What about Oxfordians? Are they beyond the pale? I think so, but this raises some interesting issues of who gets to decide.
Yes, last I checked all questions about the authorship of Shakespeare's plays are out of bounds. That's a really good example, actually, and I should have put it in the post.
It's "the discourse" that decides, an emergent consensus. The consensus can change, of course, but that amounts to a "paradigm shift".
As all scholars on the fringe are quick to remind you: in Galileo's day it was beyond the pale to suggest that the Earth moves. But as Feyerabend and others have countered: Galileo may ultimately have been right, but his evidence wasn't really very good.
Galileo: Here's a fascinating book about his time: The Sun in the Church, by J. L. Heilbron. It turns out that some of the best astronomy at the time was being sponsored by the Catholic Church itself, because of the need for everyone to determine the date of Easter precisely without having to communicate with Rome every year about it. It may have been beyond the pale for Galileo to insist that the earth *really* moved, but it was acceptable to use the mathematics that suggested that it was.
I think there's an important distinction here between the allowable range of belief and the allowable range of expression. It's probably okay to be a scholar of Elizabethan drama and personally believe that Hamlet and Macbeth were written by the Earl of Oxford. You can even entertain your dinner guests (including your department head and dean) with your crazy theories.
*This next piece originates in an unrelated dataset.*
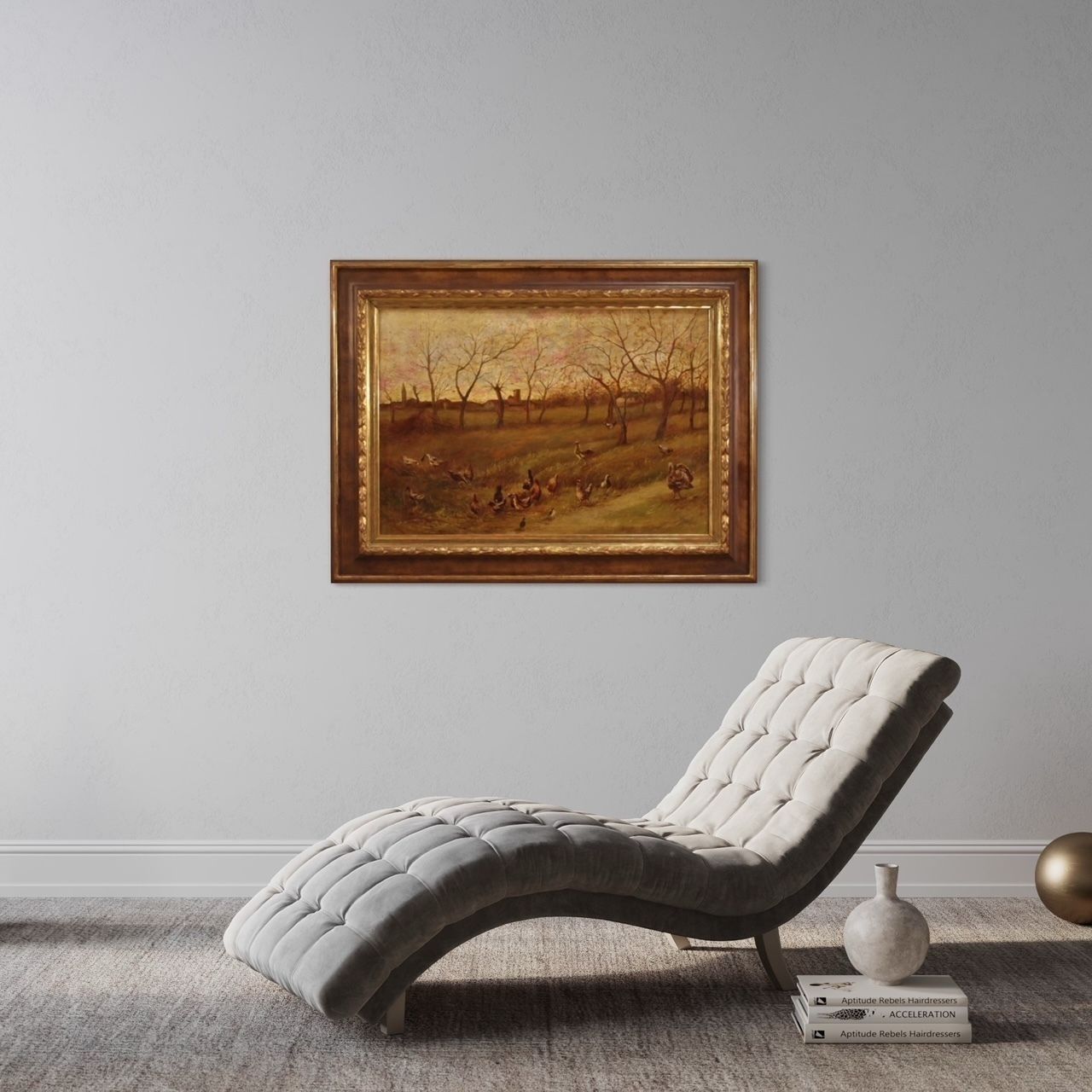 photo vintage Bucolic Landscape Painting From 20th Century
But if you try to publish those ideas, you begin to marginalize yourself.
That's very much what happened to Galileo. He insisted on going public with his views, rather than (as he was explicitly allowed to) work quietly within the establishment with the "theoretical" assumption that the Earth moves.
Galileo was simply impatient with orthodoxy. That's really the mark of a kook. (I want to make it clear that I love kooks, by the way. I think we need them more than they need us.)